India's coronavirus cases pass 10 million
People wearing facemasks as a preventive measure against the Covid-19 coronavirus are seen inside a shopping mall in Thane on the outskirts of Mumbai.–AFP
In September, the vast nation of 1.3 billion people had been recording daily new cases of almost 100,000 and looked on track to surpass the United States as the worst-hit country.

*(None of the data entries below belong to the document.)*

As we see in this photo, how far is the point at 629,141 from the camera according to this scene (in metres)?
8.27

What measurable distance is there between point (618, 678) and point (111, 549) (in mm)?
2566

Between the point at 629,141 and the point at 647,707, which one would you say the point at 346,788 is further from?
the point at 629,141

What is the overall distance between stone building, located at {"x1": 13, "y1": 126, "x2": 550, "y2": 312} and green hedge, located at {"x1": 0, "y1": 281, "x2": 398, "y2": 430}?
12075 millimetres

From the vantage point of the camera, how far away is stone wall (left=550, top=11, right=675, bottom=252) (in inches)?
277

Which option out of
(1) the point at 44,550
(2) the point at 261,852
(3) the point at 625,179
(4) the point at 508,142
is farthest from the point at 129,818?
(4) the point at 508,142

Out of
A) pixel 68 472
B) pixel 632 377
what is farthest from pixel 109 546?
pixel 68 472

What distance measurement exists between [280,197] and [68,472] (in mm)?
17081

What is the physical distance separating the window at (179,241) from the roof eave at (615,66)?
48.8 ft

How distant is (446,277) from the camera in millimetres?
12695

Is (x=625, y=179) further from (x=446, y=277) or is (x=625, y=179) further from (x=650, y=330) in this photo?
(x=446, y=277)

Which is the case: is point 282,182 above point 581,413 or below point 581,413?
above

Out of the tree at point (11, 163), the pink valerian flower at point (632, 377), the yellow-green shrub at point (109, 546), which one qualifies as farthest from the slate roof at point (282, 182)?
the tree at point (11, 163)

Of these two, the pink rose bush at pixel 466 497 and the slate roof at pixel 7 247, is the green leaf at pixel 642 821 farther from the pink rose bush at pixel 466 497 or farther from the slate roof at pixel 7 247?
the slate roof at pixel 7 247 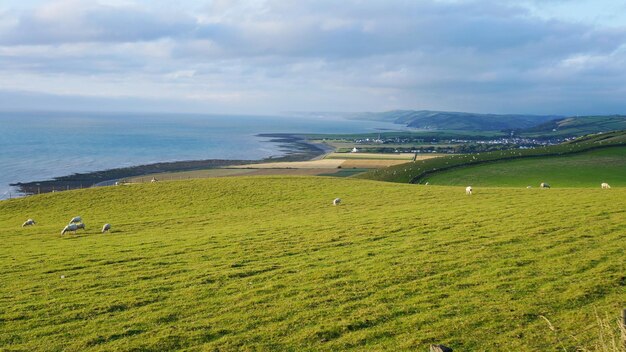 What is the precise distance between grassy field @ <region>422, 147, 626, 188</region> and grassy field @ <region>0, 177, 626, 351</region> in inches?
1248

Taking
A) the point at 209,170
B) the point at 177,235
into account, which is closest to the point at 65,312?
the point at 177,235

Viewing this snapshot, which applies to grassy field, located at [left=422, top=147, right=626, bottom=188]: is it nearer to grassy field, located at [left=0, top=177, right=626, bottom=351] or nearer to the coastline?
grassy field, located at [left=0, top=177, right=626, bottom=351]

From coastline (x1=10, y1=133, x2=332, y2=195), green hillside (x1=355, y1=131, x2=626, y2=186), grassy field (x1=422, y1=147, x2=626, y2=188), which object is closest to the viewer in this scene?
grassy field (x1=422, y1=147, x2=626, y2=188)

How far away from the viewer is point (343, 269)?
18266mm

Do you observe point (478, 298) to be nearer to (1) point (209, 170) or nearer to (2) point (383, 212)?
(2) point (383, 212)

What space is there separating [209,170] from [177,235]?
9886cm

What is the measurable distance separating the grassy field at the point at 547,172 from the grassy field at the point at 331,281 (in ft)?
104

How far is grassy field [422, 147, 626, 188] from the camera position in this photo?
62.0 metres

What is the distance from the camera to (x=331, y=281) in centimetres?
1689

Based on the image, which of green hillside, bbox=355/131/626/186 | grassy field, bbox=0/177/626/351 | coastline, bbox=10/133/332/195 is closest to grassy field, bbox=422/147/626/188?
green hillside, bbox=355/131/626/186

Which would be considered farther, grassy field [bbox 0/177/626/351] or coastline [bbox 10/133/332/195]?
coastline [bbox 10/133/332/195]

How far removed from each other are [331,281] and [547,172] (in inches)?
2421

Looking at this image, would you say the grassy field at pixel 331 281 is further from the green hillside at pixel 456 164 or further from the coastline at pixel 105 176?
the coastline at pixel 105 176

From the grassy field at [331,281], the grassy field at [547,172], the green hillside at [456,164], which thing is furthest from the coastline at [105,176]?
the grassy field at [547,172]
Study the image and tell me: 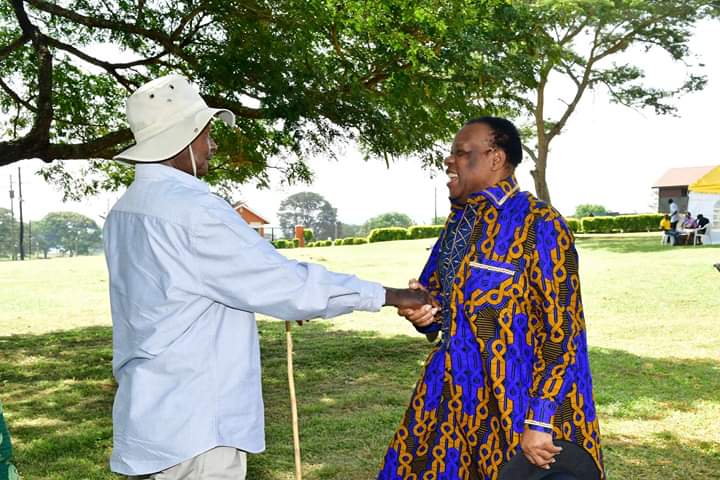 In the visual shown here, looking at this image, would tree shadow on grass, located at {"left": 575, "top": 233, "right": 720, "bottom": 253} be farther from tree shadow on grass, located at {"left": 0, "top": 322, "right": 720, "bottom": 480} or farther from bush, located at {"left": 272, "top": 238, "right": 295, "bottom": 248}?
bush, located at {"left": 272, "top": 238, "right": 295, "bottom": 248}

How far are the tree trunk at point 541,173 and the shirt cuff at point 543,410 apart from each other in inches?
1406

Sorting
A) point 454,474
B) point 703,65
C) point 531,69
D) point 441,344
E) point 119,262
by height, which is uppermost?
point 703,65

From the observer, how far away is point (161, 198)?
2.38 meters

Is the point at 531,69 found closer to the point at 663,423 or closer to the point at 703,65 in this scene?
the point at 663,423

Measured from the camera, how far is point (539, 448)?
272 centimetres

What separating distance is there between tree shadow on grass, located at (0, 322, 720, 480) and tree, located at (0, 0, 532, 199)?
2.91 m

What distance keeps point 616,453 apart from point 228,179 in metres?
10.3

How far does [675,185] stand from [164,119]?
61106 millimetres

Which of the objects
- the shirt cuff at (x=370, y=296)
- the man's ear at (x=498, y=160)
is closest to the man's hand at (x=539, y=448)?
the shirt cuff at (x=370, y=296)

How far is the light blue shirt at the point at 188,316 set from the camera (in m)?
2.32

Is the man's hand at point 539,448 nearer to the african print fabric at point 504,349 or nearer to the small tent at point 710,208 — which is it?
the african print fabric at point 504,349

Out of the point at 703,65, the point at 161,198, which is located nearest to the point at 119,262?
the point at 161,198

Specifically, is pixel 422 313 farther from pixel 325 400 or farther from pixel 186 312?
pixel 325 400

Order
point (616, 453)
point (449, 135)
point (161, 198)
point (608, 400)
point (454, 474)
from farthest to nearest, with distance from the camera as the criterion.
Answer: point (449, 135)
point (608, 400)
point (616, 453)
point (454, 474)
point (161, 198) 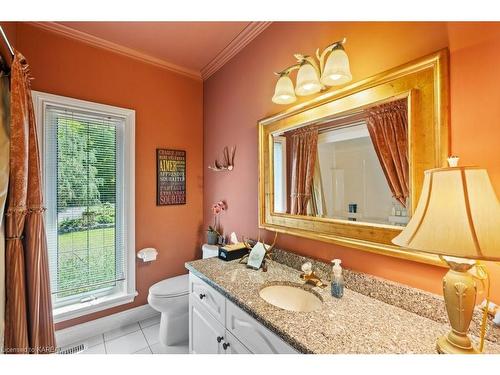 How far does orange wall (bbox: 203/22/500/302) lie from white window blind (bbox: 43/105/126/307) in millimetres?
994

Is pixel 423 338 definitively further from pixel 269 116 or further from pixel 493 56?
pixel 269 116

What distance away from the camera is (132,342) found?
6.25 ft

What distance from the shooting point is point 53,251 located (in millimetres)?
1832

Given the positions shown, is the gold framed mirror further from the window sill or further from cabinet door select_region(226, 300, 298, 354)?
the window sill

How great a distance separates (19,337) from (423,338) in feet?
6.22

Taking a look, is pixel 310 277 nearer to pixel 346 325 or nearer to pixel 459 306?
pixel 346 325

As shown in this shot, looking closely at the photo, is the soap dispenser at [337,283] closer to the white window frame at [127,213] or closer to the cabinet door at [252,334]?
the cabinet door at [252,334]

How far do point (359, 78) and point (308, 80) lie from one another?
0.26m

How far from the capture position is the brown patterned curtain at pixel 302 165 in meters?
1.43

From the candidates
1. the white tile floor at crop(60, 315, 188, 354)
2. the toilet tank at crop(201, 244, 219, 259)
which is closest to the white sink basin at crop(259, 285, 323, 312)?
the toilet tank at crop(201, 244, 219, 259)

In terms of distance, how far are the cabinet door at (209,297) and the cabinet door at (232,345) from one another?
8 cm

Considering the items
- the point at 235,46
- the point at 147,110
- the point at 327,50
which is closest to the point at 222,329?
the point at 327,50

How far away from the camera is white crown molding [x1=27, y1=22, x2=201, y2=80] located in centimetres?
178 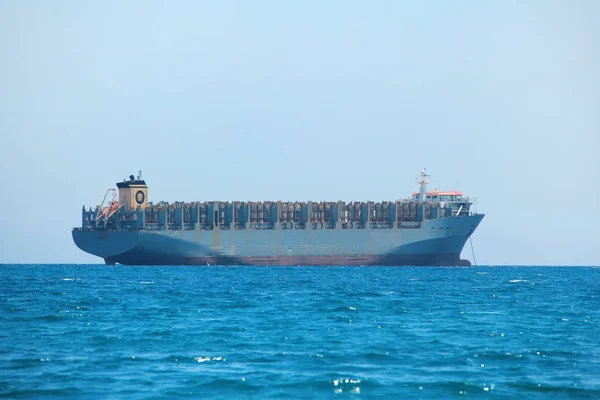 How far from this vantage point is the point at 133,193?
10638 centimetres

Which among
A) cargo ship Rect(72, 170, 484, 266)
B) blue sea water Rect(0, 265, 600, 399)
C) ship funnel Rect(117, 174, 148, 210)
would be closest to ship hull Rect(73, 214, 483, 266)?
cargo ship Rect(72, 170, 484, 266)

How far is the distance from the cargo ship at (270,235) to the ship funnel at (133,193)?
7.43 ft

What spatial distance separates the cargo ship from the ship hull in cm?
11

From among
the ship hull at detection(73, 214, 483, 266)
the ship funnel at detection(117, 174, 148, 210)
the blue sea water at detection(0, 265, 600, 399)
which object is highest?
the ship funnel at detection(117, 174, 148, 210)

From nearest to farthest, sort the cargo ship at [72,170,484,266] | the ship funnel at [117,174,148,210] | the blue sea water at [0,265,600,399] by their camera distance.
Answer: the blue sea water at [0,265,600,399]
the cargo ship at [72,170,484,266]
the ship funnel at [117,174,148,210]

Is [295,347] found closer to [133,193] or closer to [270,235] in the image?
[270,235]

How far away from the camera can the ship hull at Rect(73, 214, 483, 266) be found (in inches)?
3907

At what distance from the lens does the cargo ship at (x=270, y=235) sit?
326 feet

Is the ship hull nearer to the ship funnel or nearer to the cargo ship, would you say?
the cargo ship

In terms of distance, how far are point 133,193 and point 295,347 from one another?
264 ft

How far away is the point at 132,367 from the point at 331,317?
48.1ft

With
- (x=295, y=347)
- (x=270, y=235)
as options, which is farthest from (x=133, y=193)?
(x=295, y=347)

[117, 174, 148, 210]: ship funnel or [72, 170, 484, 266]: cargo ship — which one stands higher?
[117, 174, 148, 210]: ship funnel

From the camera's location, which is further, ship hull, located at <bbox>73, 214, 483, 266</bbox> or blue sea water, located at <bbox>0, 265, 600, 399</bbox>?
ship hull, located at <bbox>73, 214, 483, 266</bbox> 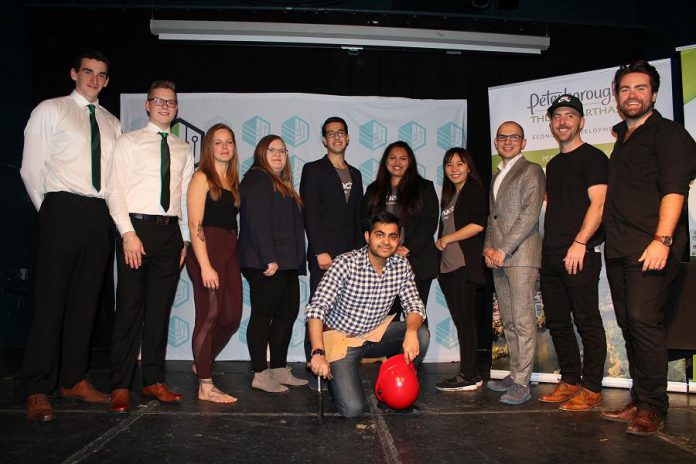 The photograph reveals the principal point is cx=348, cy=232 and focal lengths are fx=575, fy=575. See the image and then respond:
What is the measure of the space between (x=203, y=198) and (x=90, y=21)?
285 cm

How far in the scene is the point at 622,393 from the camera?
3.75 meters

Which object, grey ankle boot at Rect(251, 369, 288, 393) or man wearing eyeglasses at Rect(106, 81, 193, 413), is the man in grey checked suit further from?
man wearing eyeglasses at Rect(106, 81, 193, 413)

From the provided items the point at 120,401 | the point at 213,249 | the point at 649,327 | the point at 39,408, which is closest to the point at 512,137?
the point at 649,327

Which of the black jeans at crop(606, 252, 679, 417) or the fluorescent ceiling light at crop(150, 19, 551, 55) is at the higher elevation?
the fluorescent ceiling light at crop(150, 19, 551, 55)

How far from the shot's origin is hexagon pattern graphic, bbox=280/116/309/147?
5.02 m

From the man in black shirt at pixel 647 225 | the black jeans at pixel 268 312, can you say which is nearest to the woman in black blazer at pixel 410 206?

But the pandemic has accelerated in the US and appears to have lost momentum in India, despite the country being home to some of the most crowded cities on the planet.
India's fatality rate is also considerably lower -- less than half that of the US. Brazil has also reported more deaths at 185,000.
Residents in the capital New Delhi told AFP they were still worried but were more comfortable than before about leaving their homes.
"Obviously the fear levels have come down over time. Initially, it was more scary. Now we don't worry that much," housewife Huma Zaidi said. "But we are still taking precautions like wearing masks when going out and avoiding social gatherings."
India has lifted restrictions on most activities to boost the struggling economy, although some states and territories have reimposed curbs to stem the spread of the virus.
- Cold-chain concerns -
The 10-million mark came as the world's second-most populous nation gears up for the vast and challenging task of starting to vaccinate the population next year.
The government aims to inoculate 300 million people initially, with health workers and other frontline staff expected to be the first to receive the jabs.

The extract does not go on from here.